Tips to Protect Your DataPosted: September 25, 2019 - By Elizabeth Velez
Believe it or not there are scams that specifically target small businesses – just like yours. Scammers use emails or text messages to trick you into giving them confidential information. They may try to steal your passwords to access customer data, or account numbers to access your business’s funds. The FBI’s Internet Crime Complaint Center reported that people lost $30 million to phishing schemes in one year.
But what exactly is a phishing scheme, how can you and your team spot one, and are there other forms of cyber fraud you should be worried about? It’s important you are vigilant, and you train your employees to be as well. We’re sharing effective tips to spot and prevent online fraud or a cyber security breach.
Common threats that affect businesses
Scammers specifically target small businesses, so their threats are customized to everyday tasks, conversations or vendors that you wouldn’t normally think would leave your business vulnerable. Here is an overview of typical threats that may target your business.
- Phishing scams and malware
- Phishing sounds like the hobby ‘fishing’ because it’s meant to describe a criminal using fake ‘bait’ (like an important email or text) to get the recipient to ‘bite’ (collect a business’s online bank, credit card, or other login information).
- Malware, or malicious software, can be sent from an unknown sender via email and can be triggered not only if a link is clicked, but also just from opening the spam email. Most commonly the malicious email has ransomware designed to delete or encrypt your files and backups – even if they are stored in the cloud or on a server.
- Fake invoices
- Since the most successful fraud is done by impersonating a vender or service your business currently uses, scammers will send fake invoices for things like website domain renewal, or overdue payments for an integral software. Paying attention to branding and small details are crucial because of this.
- Unordered office supplies
- Scammers can monitor your purchase history and call to confirm a supplies order that you did in fact place. Then, they will show up to your business with unordered items and demand payment. They may even playback the phone call confirming the order to show “proof” and throw your team off. Keep in mind that if you receive merchandise you didn’t order, you have a legal right to keep it for free.
- Tech support
- It’s common for small businesses to have a third-party who assists with tech support. This is also an easy way for a scammer to call and say they are part of the tech team, and they need to access your computer because there is a threat to your computer security. They may require payment, or access passwords, patient data or credit card information.
- Government agency
- Criminals often impersonate government agents in order to threaten legal action without a payment. Their lies range from taxes, license or trademark renewal, and other fees.
- Utility companies
- It’s very common to receive a call from your utility service warning you that your bill has not been paid and if you don’t wire the payment it will be shut down during prime hours.
Signs to look out for
Since scammers impersonate trusted businesses you work with, there are details about each of your vendor working relationships that you and your staff must take note of.

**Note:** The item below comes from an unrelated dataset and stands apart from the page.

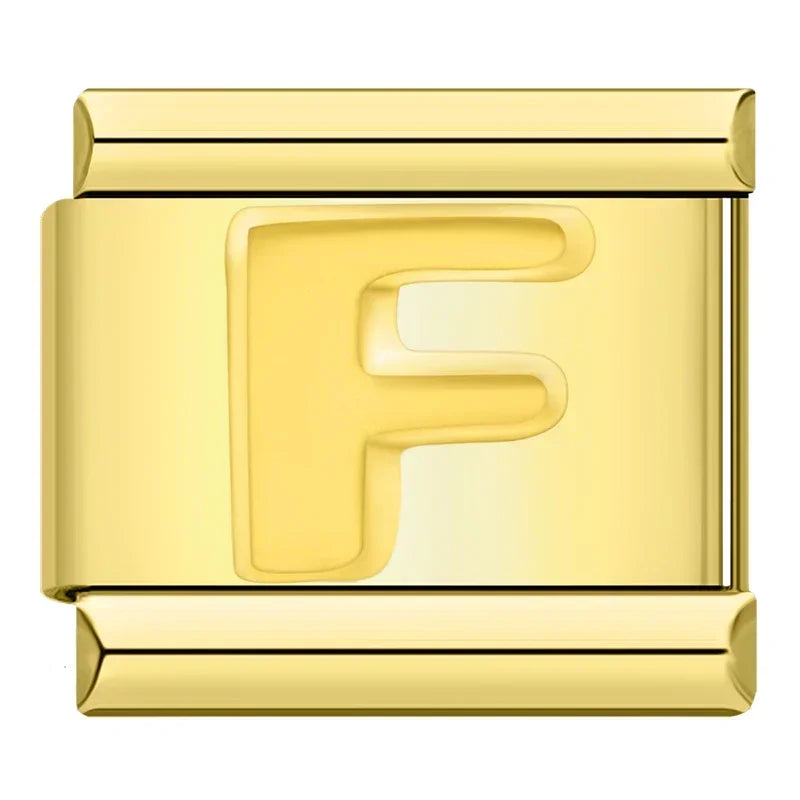 Golden Letter F - Gold Charm - Charmris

- Suspicious email greetings
- Your vendor typically uses the direct name of you or a staff member, but a new email uses “Hi Dear” as a greeting.
- Business details
- You may notice a subtle misspelling – possibly only one letter off – in the vendor’s business name, sender name, or email address. The email address may also end in ‘@gmail.com’ when it usually ends with the business’s domain details.
- Email style
- The ‘from’ first and last name of your vendor is lower case, and it’s normally properly capitalized. Their language style is just a bit off, and the email design is more plain than usual and is even missing a logo.
- Link Details
- When you hover over the link you’re being encouraged to urgently click, you notice the destination details/URL is completely unfamiliar.
- You notice this email was sent to many other email addresses, or a list titled ‘undisclosed recipients,’ when normally you communicate one on one with your vendor.
What to do if you’ve responded to a phishing email
If you or your staff have accidentally given a scammer confidential information, immediately go to https://www.identitytheft.gov/Info-Lost-or-Stolen. That government site offers next steps depending on the information that has been compromised.
If you think you clicked on a link or opened an attachment that downloaded harmful software, update your computer’s security software immediately. Then run a scan.
Once you’ve done what you can to report the incident, forward the phishing email to the FTC at email@example.com and to the Anti-Phishing Working Group at firstname.lastname@example.org. If you got a phishing text message, forward it to SPAM (7726). This will help the FTC fight these scammers and prevent them from attacking you or others in the future.
How to protect your business with cybersecurity
- Protect all the computers in your organization with security software. Allow the software to automatically update so it’s constantly working to protect your information.
- Protect your accounts by turning on multi-factor authentication. This will require you to log in with two forms of credentials, making it hard for imposters to hack.
- Protect your data by backing it up. Back it up to an external source that is not connected to your main network just in case the main network is ever compromised.
Train your employees on these important details, and remind them to look out for signs on a regular basis. Scammers never stop looking for ways to commit fraud, therefore we can never stop keeping an eye out for them.